_Task requirements_: Every line below from the one containing "Used 2012 Dodge" through the one containing "Em mais um fim" must be transcribed exactly. Omit all lines outside that stretch.

_Source data_:
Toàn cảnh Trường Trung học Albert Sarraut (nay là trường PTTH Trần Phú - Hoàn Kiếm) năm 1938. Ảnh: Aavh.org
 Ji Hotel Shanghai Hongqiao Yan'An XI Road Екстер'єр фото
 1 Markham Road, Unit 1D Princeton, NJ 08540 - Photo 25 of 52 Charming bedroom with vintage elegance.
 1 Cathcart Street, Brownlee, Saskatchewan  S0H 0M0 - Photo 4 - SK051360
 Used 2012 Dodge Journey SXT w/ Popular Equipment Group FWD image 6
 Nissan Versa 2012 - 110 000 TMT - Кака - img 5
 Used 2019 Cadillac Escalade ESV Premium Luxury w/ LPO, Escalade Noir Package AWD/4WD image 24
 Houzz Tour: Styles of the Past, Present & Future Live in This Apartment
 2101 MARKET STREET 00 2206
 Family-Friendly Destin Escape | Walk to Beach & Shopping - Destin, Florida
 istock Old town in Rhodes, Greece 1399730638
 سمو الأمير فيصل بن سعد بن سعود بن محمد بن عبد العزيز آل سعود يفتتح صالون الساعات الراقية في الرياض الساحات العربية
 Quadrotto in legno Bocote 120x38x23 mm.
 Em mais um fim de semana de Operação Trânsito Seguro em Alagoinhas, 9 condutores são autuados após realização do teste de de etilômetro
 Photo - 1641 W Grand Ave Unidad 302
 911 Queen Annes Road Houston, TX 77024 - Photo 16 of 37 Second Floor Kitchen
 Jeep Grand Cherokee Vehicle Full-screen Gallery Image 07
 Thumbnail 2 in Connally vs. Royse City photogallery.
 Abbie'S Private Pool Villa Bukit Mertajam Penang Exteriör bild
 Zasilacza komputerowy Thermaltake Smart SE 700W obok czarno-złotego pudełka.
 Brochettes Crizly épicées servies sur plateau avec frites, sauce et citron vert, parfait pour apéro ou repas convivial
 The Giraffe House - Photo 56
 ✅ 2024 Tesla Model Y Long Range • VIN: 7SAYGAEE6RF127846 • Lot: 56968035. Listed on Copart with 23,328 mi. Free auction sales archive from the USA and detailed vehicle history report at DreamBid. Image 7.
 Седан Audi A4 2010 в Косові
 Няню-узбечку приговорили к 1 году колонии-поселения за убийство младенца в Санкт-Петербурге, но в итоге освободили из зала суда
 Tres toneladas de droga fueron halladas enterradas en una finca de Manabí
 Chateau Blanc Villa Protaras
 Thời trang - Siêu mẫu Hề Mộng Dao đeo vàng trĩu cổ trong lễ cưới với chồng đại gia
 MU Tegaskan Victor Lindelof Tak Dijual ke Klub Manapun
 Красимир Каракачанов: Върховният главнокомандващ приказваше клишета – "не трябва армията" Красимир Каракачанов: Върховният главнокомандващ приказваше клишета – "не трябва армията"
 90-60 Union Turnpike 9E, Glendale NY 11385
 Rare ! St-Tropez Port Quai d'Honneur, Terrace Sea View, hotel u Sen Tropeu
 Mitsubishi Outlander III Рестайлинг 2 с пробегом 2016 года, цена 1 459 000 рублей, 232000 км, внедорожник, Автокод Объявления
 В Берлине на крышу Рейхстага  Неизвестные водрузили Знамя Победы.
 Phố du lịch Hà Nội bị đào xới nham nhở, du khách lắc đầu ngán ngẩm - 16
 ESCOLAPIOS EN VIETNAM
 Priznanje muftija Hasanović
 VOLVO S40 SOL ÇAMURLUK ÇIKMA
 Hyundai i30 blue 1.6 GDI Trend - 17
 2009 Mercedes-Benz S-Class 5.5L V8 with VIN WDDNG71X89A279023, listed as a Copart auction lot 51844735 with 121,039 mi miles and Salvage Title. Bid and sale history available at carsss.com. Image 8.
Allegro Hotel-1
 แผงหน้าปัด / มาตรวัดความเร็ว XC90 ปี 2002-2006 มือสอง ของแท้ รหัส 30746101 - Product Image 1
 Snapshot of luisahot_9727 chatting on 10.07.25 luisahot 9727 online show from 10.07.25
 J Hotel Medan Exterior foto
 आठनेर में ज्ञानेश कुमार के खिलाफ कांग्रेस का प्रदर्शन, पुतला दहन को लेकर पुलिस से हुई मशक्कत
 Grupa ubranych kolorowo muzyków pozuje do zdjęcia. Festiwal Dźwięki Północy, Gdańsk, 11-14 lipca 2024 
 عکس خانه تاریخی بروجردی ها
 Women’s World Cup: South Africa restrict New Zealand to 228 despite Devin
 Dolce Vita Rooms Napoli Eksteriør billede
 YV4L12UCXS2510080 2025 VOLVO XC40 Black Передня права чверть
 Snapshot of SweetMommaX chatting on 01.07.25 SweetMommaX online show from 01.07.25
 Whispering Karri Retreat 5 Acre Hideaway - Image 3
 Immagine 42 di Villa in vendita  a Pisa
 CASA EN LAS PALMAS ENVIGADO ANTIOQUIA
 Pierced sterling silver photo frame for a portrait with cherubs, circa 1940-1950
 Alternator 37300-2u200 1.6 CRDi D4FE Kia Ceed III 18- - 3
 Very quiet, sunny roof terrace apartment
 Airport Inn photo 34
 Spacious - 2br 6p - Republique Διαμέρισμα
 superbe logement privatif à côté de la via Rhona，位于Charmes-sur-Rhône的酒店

_Answer to the problem_:
 Used 2012 Dodge Journey SXT w/ Popular Equipment Group FWD image 6
 Nissan Versa 2012 - 110 000 TMT - Кака - img 5
 Used 2019 Cadillac Escalade ESV Premium Luxury w/ LPO, Escalade Noir Package AWD/4WD image 24
 Houzz Tour: Styles of the Past, Present & Future Live in This Apartment
 2101 MARKET STREET 00 2206
 Family-Friendly Destin Escape | Walk to Beach & Shopping - Destin, Florida
 istock Old town in Rhodes, Greece 1399730638
 سمو الأمير فيصل بن سعد بن سعود بن محمد بن عبد العزيز آل سعود يفتتح صالون الساعات الراقية في الرياض الساحات العربية
 Quadrotto in legno Bocote 120x38x23 mm.
 Em mais um fim de semana de Operação Trânsito Seguro em Alagoinhas, 9 condutores são autuados após realização do teste de de etilômetro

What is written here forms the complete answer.